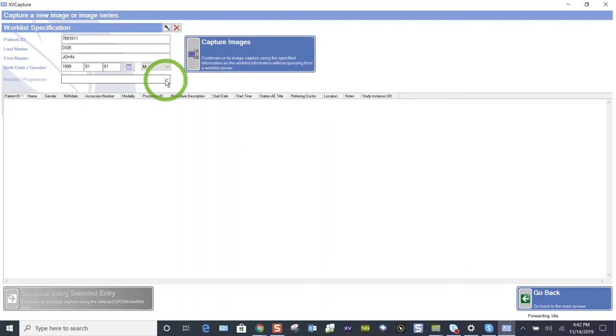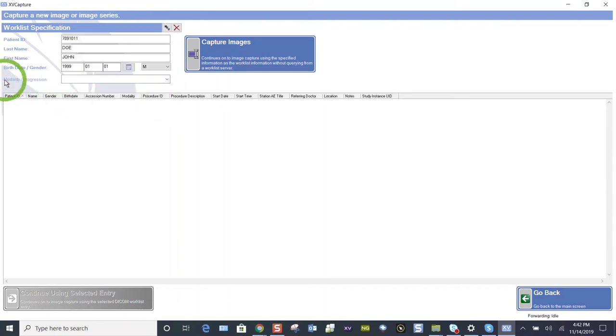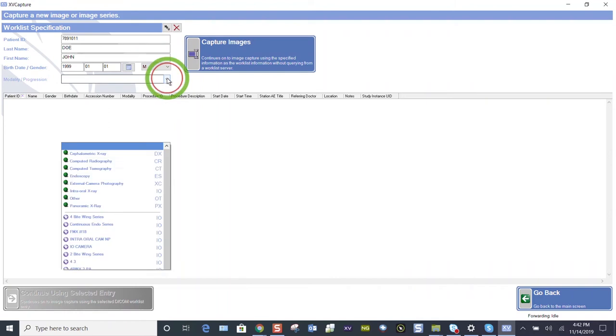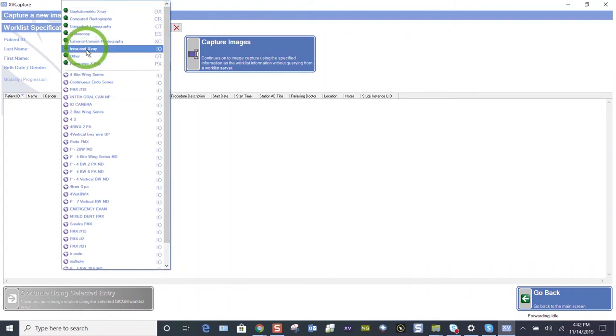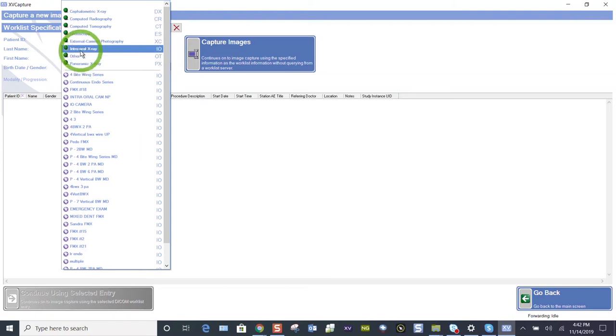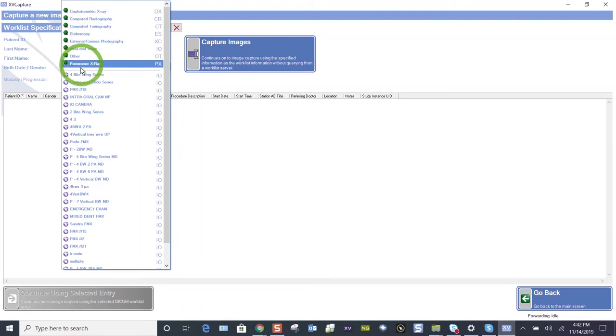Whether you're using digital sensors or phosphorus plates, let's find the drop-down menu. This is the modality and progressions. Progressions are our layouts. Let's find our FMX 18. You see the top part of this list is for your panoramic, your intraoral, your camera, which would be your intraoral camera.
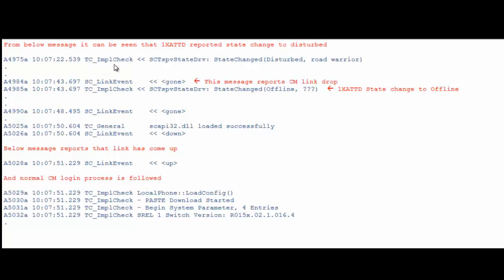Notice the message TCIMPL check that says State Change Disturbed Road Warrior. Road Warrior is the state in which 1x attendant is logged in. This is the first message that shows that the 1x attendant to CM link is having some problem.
--
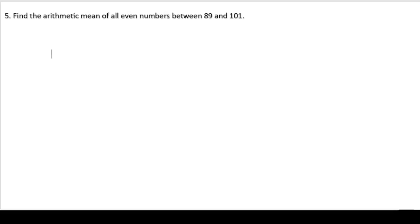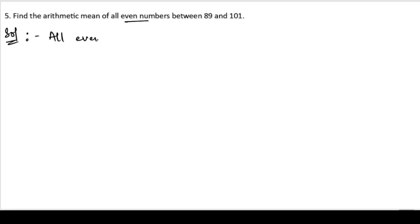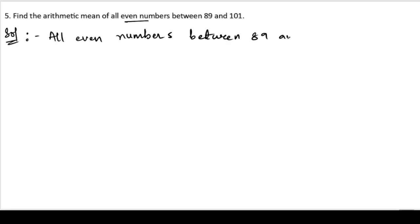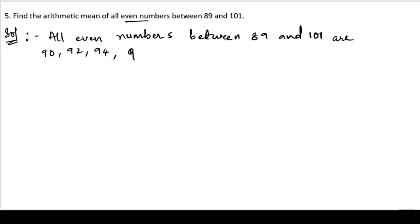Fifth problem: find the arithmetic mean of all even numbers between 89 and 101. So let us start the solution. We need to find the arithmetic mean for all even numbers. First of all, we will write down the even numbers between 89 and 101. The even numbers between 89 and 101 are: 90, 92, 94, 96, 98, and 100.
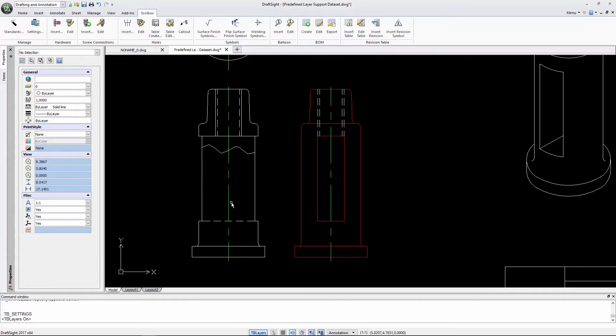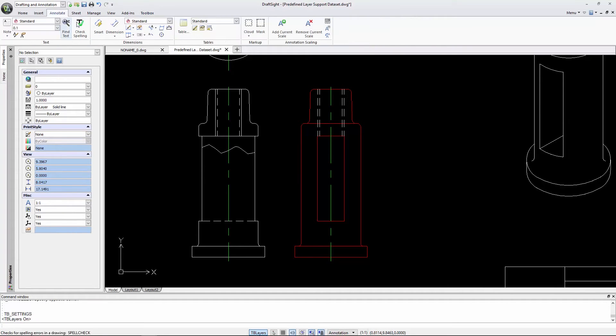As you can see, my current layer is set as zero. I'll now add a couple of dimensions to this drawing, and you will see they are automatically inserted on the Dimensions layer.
...
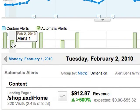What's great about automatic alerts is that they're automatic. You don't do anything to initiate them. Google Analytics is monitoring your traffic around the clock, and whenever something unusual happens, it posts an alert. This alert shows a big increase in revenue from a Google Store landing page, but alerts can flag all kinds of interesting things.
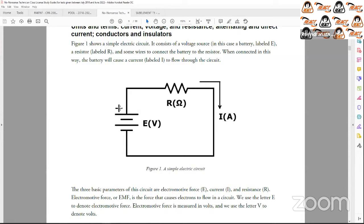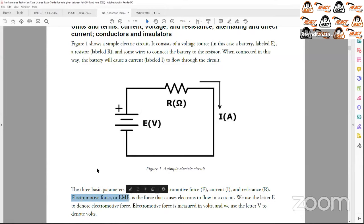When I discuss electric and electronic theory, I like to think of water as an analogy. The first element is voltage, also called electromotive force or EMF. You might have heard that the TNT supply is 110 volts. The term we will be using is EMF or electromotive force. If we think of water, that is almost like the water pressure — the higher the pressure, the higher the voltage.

What is required ▸ Transcribe the lines above exactly, beginning at the one with "Fifth problem: find" and ending at the one with "As you can see, my". Include both; exclude the pictures.

Response ▸
Fifth problem: find the arithmetic mean of all even numbers between 89 and 101. So let us start the solution. We need to find the arithmetic mean for all even numbers. First of all, we will write down the even numbers between 89 and 101. The even numbers between 89 and 101 are: 90, 92, 94, 96, 98, and 100.
As you can see, my current layer is set as zero. I'll now add a couple of dimensions to this drawing, and you will see they are automatically inserted on the Dimensions layer.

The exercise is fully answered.